Comment la légitimité de la géo-ingénierie a-t-elle pu s’installer aussi rapidement?


Tout d’abord, en dehors de l’adoption d’instruments ou d’outils, il faut poser qu’une légitimité ne s’installe pas rapidement, mais selon un principe de percolation (voir aussi) :

processus physique critique qui décrit, pour un système, une transition d’un état vers un autre associée à un phénomène de seuil

Seule la phase finale de ce type de progression (le seuil) donne une impression de vitesse.

En quoi a consisté cette phase ultime pour la géo-ingénierie? Dans le bouclage d’une chaine de 3 arguments (lien)

À la base, un phénomène naturel.

Les partisans de la géo-ingénerie s’inspirent d’un phénomène naturel constaté en 1991 suite à l’éruption du mont Pinatubo. Le volcan avait rejeté dans l’atmosphère un immense nuage de particules sulfurées (10 millions de tonnes de sulfates projetées à 35 km d’altitude).

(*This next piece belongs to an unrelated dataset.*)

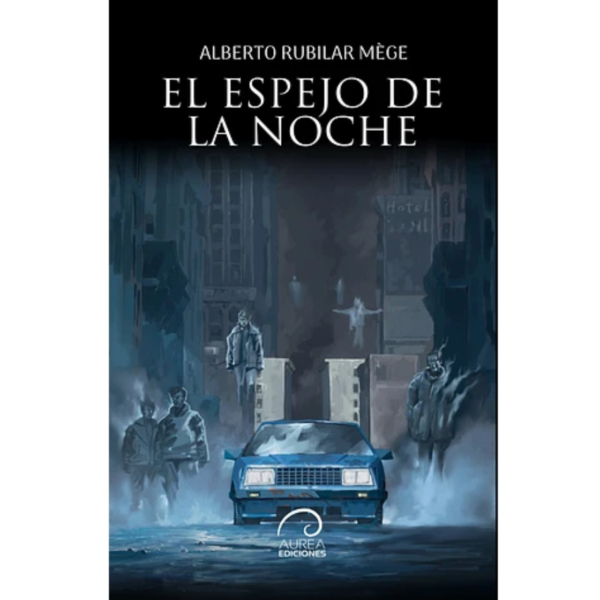 El Espejo de la Noche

La masse nuageuse avait fait le tour du globe, provoquant un abaissement d’un demi-degré de la température terrestre pendant deux à trois ans.

Puis un raisonnement économique intégrant la référence environnementale

Les trois scientifiques …/… montrent que la technologie de base est opérationnelle et qu’elle pourrait être mise en oeuvre pour environ 5 milliards de dollars par an. En comparaison, le coût des politiques de réduction des gaz à effet de serre (GES), et notamment des émissions de dioxyde de carbone (CO2) est évalué entre 200 et 2000 milliards de dollars, soit de 0,2 à 2,5 % du produit intérieur brut mondial en 2030.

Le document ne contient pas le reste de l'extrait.